→ **EXERCISE DATA**:
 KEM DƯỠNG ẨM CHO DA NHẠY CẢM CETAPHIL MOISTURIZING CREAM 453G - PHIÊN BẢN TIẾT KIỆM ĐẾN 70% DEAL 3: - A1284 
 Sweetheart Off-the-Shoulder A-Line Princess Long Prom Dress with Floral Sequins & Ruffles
==
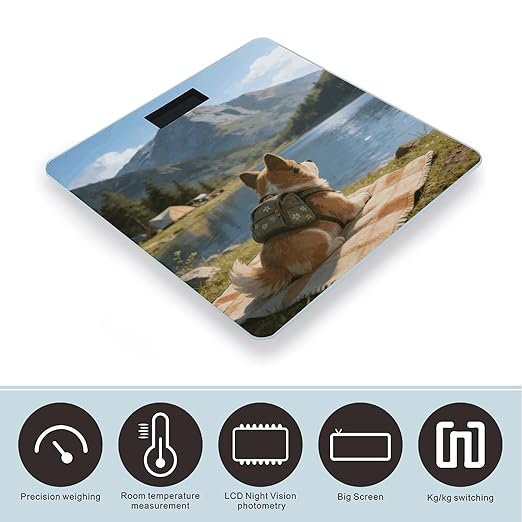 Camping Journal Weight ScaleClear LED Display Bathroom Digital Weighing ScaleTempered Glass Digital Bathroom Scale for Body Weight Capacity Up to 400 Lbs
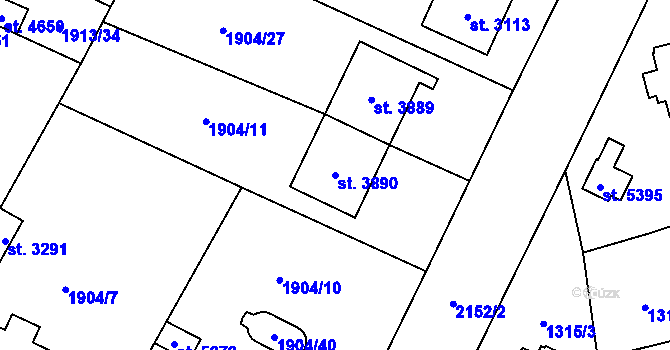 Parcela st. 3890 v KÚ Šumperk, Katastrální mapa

→ **WORK ITEM**:
The answer must be the lines above from the one containing "Camping Journal Weight" through the one containing "Parcela st. 3890", reproduced exactly, with no pictures and nothing else.

→ **ANSWER SECTION**:
 Camping Journal Weight ScaleClear LED Display Bathroom Digital Weighing ScaleTempered Glass Digital Bathroom Scale for Body Weight Capacity Up to 400 Lbs
 Parcela st. 3890 v KÚ Šumperk, Katastrální mapa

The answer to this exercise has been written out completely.